No. There is no explicit provision in the Interception Law that obliges operators to support decryption of communication on third party services. On the contrary, Article 21/1 of the Interception Law stipulates that operators should build the necessary infrastructure to ensure interception capability over their users/customers, which make use of the operators’ own electronic communication services.
In addition, under Article 3 of the Interception Law, only operators who are locally licensed/ authorised to conduct telecommunication activity are subject to the Interception Law, which means that any third party which is not licensed/authorised by a local regulatory body would not be subject to interception rules. It is therefore our implicit understanding that the duty to provide interception lies with a licensed operator’s own services/networks. Practically speaking, this means that in order for a law enforcement agency to capture all communication data in their country, all operators in that country would need to be licensed and bound by the interception rules.
Based on the above, decryption of third party communication data by a telecommunications operator could be interpreted as unlawful interception and a breach of communication privacy/secrecy law under the Constitution and the Interception Law.
3. Can a telecommunications operator lawfully offer end-to-end encryption on its communications services when it cannot break that encryption and therefore could not supply a law enforcement agency with access to cleartext metadata and content of the communication on receipt of a lawful demand?
There is not any express mandatory law provision that limits a telecommunications operator in providing end-to-end encryption on its communication services.

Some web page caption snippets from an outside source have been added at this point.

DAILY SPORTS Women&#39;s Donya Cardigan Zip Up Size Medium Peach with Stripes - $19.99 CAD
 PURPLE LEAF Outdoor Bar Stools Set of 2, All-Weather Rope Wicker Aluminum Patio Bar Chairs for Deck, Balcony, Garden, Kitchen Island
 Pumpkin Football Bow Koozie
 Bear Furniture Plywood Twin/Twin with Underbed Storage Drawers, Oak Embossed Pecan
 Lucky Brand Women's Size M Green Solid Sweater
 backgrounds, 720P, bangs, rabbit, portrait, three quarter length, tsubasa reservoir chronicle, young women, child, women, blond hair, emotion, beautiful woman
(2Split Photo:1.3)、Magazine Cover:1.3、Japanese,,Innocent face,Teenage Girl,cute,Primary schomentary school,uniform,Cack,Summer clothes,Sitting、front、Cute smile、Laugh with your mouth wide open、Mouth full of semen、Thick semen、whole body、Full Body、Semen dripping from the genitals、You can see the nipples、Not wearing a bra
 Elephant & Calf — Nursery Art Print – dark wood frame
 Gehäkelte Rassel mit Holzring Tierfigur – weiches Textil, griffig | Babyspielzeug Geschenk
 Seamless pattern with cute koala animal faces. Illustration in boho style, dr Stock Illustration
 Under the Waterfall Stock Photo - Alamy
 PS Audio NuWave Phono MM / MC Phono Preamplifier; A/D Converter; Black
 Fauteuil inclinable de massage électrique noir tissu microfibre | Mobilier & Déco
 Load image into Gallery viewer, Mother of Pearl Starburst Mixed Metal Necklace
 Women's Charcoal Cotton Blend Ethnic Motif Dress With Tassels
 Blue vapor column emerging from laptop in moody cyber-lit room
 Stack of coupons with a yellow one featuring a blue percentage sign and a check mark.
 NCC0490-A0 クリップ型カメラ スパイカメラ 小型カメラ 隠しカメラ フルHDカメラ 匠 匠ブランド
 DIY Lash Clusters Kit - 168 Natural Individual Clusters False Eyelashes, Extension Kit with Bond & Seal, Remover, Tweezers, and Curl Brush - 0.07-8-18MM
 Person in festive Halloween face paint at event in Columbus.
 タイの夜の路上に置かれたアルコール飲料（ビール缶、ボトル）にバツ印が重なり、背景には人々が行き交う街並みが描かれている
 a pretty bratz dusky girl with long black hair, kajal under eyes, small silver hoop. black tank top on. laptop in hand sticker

Nevertheless, from the perspective of interception obligations under the Interception Law, a telecommunications operator must offer, at its own expense, the technological solutions that would enable the competent authorities to perform the interception activity whenever it is required to do so. The issue with end-to-end encryption is that it makes it impossible to commit to decrypt the communications when and if requested.
Based on the above and acknowledging that end-to-end encryption limits a telecommunications operator’s capacity to comply with the lawful interception obligations, Vodafone concludes that in practical terms a telecommunications operator cannot offer end-to-end encryption because it would not be capable of decrypting such communication should the authorities request to intercept it at a laterstage.
4. Please provide examples in your jurisdiction where legislation that predated the advent of commercial encryption (which Vodafone estimate as circa 1990) has been applied to contemporary cases involving encryption.
There are no such precedents in Albania.